To tackle this problem, we need to analyze the motion of the stone dropped from point O and how the distances OP, OQ, and OR relate to the velocities at those points. The key here is to understand the relationship between distance and velocity in uniformly accelerated motion, specifically under the influence of gravity.

Understanding the Motion of the Stone

When a stone is dropped from a height, it accelerates downwards due to gravity. The distance fallen after a certain time can be described by the equation:

s = ut + (1/2)gt²

In this case, the initial velocity (u) is zero because the stone is dropped, so the equation simplifies to:

s = (1/2)gt²

Points in Geometric Progression

Let’s denote the distances OP, OQ, and OR as s1, s2, and s3 respectively.
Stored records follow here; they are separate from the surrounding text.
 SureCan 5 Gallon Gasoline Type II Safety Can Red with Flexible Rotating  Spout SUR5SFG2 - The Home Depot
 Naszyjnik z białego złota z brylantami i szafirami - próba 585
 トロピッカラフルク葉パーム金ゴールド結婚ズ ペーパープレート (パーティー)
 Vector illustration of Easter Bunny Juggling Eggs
If these distances are in geometric progression (GP), we can express this relationship mathematically:

  • s2² = s1 * s3

This means that the middle term squared is equal to the product of the other two terms. Now, since we know the distances are related to time squared (as shown in the distance equation), we can express these distances in terms of time:

  • s1 = (1/2)g(t1)²
  • s2 = (1/2)g(t2)²
  • s3 = (1/2)g(t3)²

Finding Velocities

The velocity of the stone at any point can be calculated using the formula:

v = u + gt

Since the initial velocity (u) is zero, the velocity at each point becomes:

  • v1 = gt1
  • v2 = gt2
  • v3 = gt3

Proving Velocities are in GP

Now, we need to show that v1, v2, and v3 are also in GP. We can express the velocities in terms of the distances:

Using the distances in GP, we have:

  • v1 = g√(2s1/g) = √(2gs1)
  • v2 = g√(2s2/g) = √(2gs2)
  • v3 = g√(2s3/g) = √(2gs3)

Now, we can check if these velocities are in GP:

For v2² = v1 * v3, we substitute:

v2² = 2gs2

v1 * v3 = √(2gs1) * √(2gs3) = 2g√(s1 * s3)
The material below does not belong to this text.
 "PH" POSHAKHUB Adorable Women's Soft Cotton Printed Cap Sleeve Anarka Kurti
Since s1, s2, and s3 are in GP, we know that:

s2² = s1 * s3

Thus, we can conclude:

v2² = v1 * v3

Final Thoughts

This shows that the velocities v1, v2, and v3 are indeed in geometric progression. The relationship between the distances and the velocities in uniformly accelerated motion under gravity leads us to this conclusion. So, if the distances OP, OQ, and OR are in GP, the corresponding velocities at those points will also be in GP.